As I have written about previously, my husband, Dr. Christopher Stonebanks, has traveled each spring to Malawi, Africa to live in the village of Makupo. It is indeed one of the poorest places on earth, with no running water or electricity but home to a wonderful people who indeed do deserve the title of “The Warm Heart of Africa” by which Malawi is appropriately known.
This is the fifth year that Christopher has taken students for five weeks in order to engage in research. To read about how this project came to be, I invite you to read this post. It is a journey of unexpected twists and turns and has been an authentic example of lifelong learning. There have been celebrations and tears along the way. And as in any exemplary classroom, whether it lives inside a building or out over the garden wall, collaboration, commitment and lasting collegiality have been developed, fostered and maintained.
This year’s group of eleven students include a wonderful combination from Bishop’s University, two groups of students from McGill University as well as students from Champlain College. Take a minute to introduce yourself to this amazing team of young academics and future teachers. Read a bit about who they are, where they come from and what their aspirations are for their time in this tiny village in Sub-Saharan Africa. I am always so impressed by the quality and diversity of students that are attracted to this type of experiential learning. It is an endeavour that takes them away from the comforts and security of home and thrusts them headfirst into the unsettling environment of the unknown and culture shock.

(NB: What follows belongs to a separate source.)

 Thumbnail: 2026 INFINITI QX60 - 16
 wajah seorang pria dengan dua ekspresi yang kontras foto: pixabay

For the first time, each of the Praxis Malawi team members has been chronicling their personal and professional journeys by means of a blog – this one. Narratives of learning the local language, cooking with the ladies, brushing teeth under a starry sky and fighting off large and hungry insects are interspersed with reflections on interviews with Malawian teachers and residents, challenges of creating a curriculum that will support the needs and wishes of the community as well as navigating through the stages of culture shock that each one experiences in their own way can be found here.

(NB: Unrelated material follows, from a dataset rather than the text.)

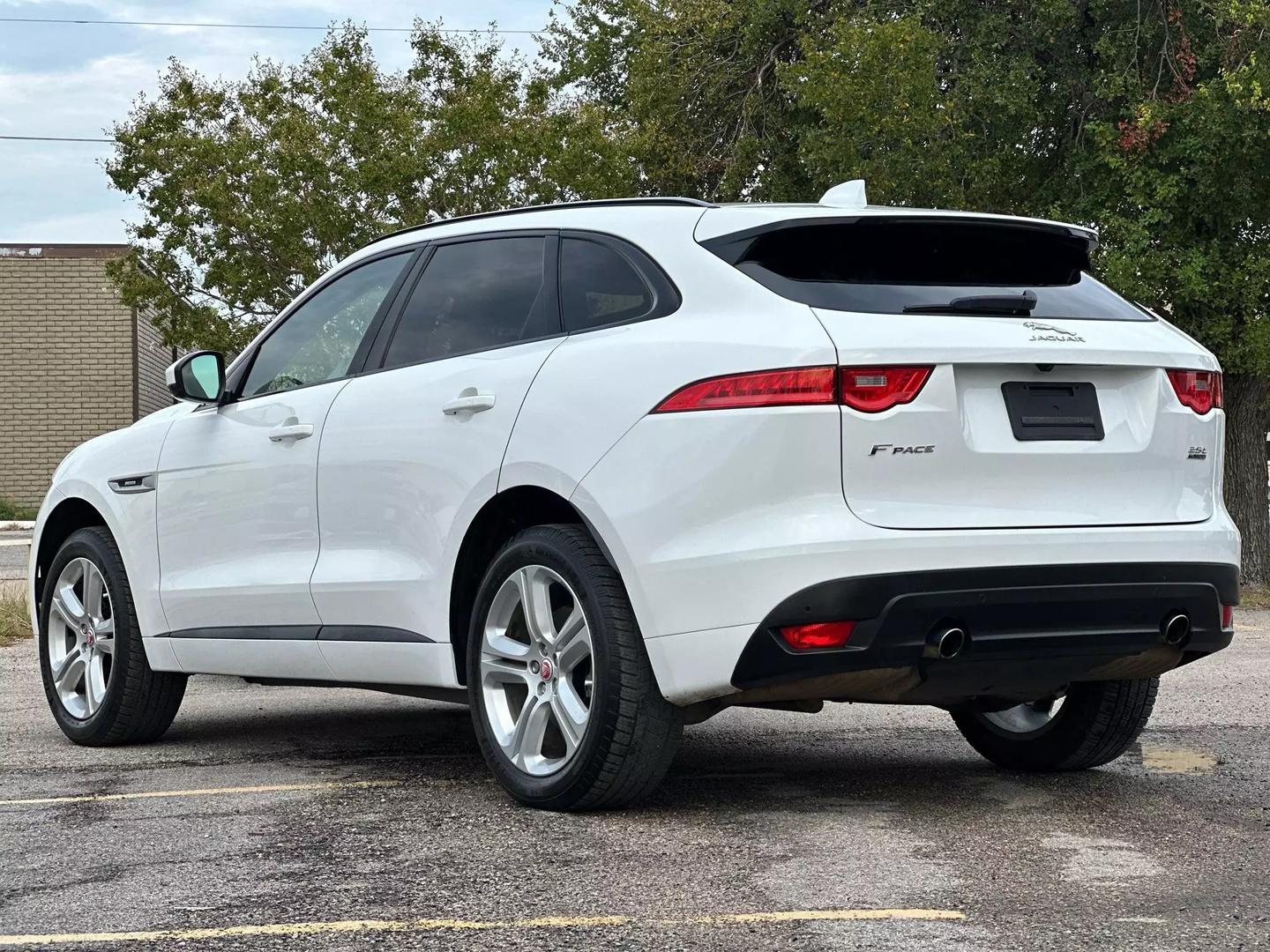 2018 Jaguar F-pace - Image 5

I urge you to visit the blog and discover more about this wonderful project and all the incredible adventures the students have been up to. If you have time to leave a comment or two, I am sure it will do wonders to encourage them along their journey. There is nothing more reassuring to one who is “out in the field” than to receive a note from home reinforcing the notion that all their struggles and efforts as well as their successes have been recognized by a peer, a mentor or simply an advocate.
I as well, have an invitation to offer those of you who might be moved into wanting to participate in this type of humanitarian association. As this will be a project that will continue over many years, we are looking for support by means of a Professional Learning Community. I have set one up through LEARN and what I am hoping for is to have people from all corners of the education community here assist in the building of this new school. Through this PLC, you will be linked to the online community and free to offer support by means of links to resources, suggestions, direction or inspiration. This is so crucial when building curriculum.
In the fall, we will be hosting a LEARN web event that will highlight ways that schools can connect with and learn about another school half way around the world. Rich curricular ideas and activities to build global citizenship and social awareness as well as develop reciprocal and sustainable learning will be featured. If you think you and you class might be interested joining and supporting Praxis Malawi send me an email at firstname.lastname@example.org and we can discuss the multiple possibilities for involvement. Please pass along the link to the blog and the invitation to the PLC to anyone who you think might be interested.
The old adage “It Takes a Village” really does ring true here. And the beautiful thing is that with the voice and direction coming from the village of Makupo, Malawi we are simply joining in on the conversation.